▶ **Work to be completed**
From the first line to the last, transcribe the data exactly and skip the pictures.

┌─ Available data

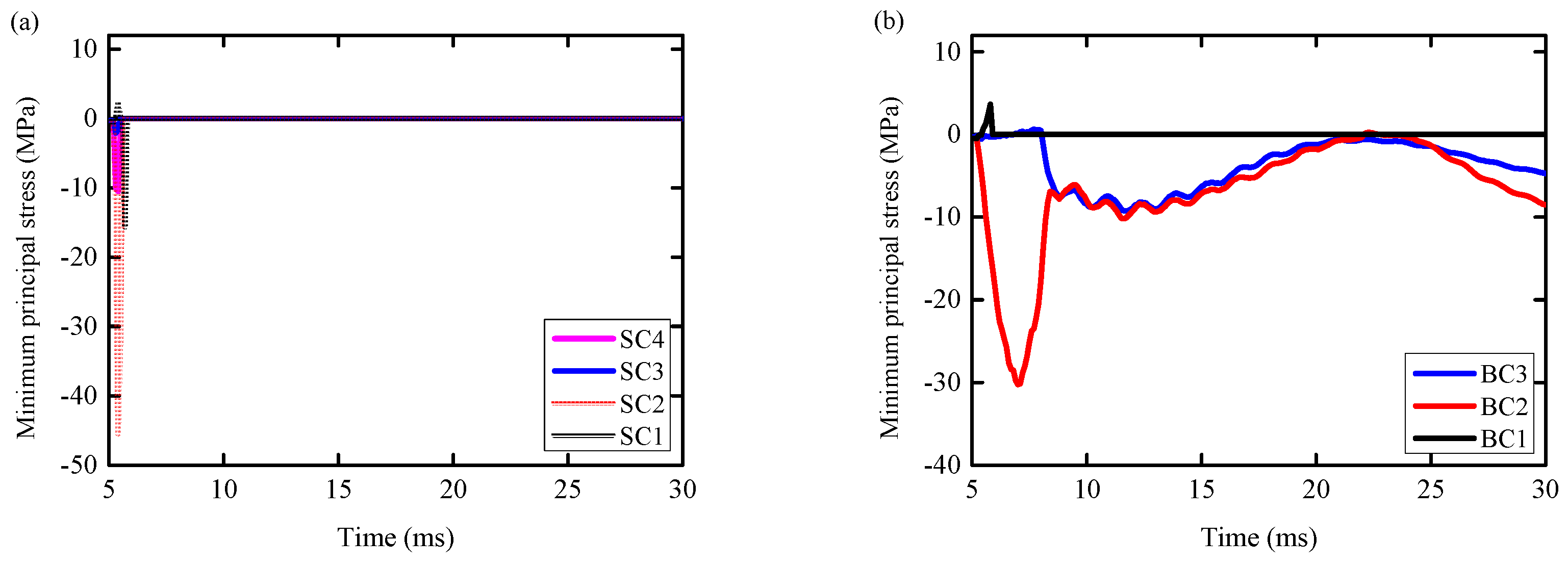 Biomimetics 09 00759 g016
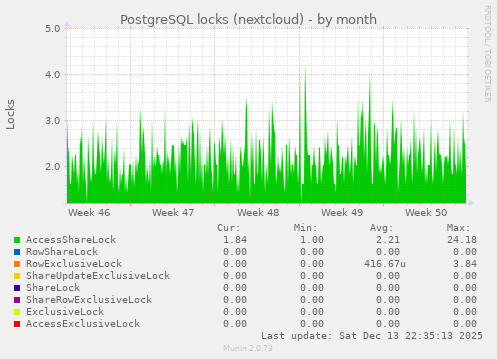 PostgreSQL locks (nextcloud)
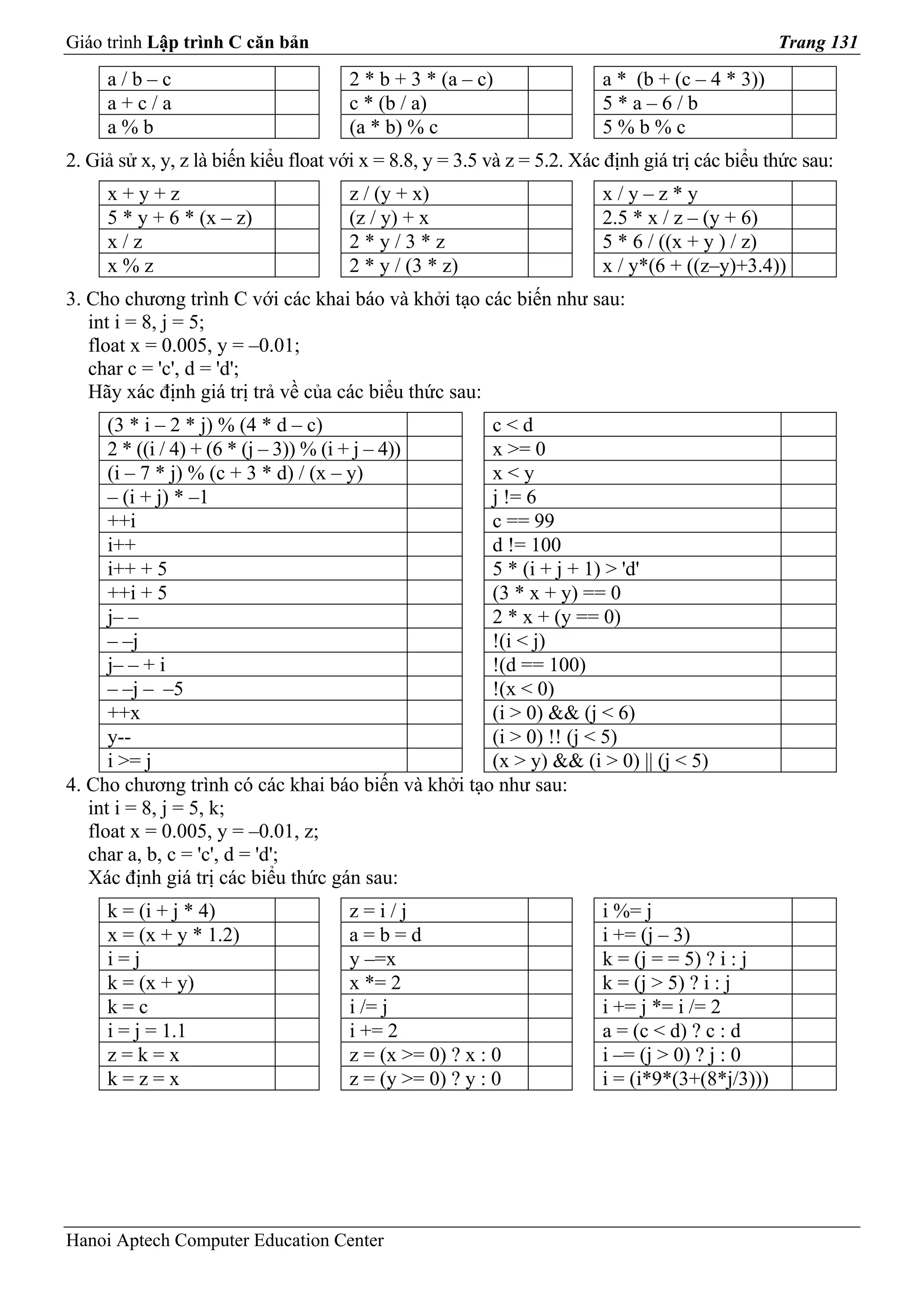 Giáo trình Lập trình C căn bản                                                                   Trang 131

└─

▶ **Response to this exercise**
 Biomimetics 09 00759 g016
 PostgreSQL locks (nextcloud)
 Giáo trình Lập trình C căn bản                                                                   Trang 131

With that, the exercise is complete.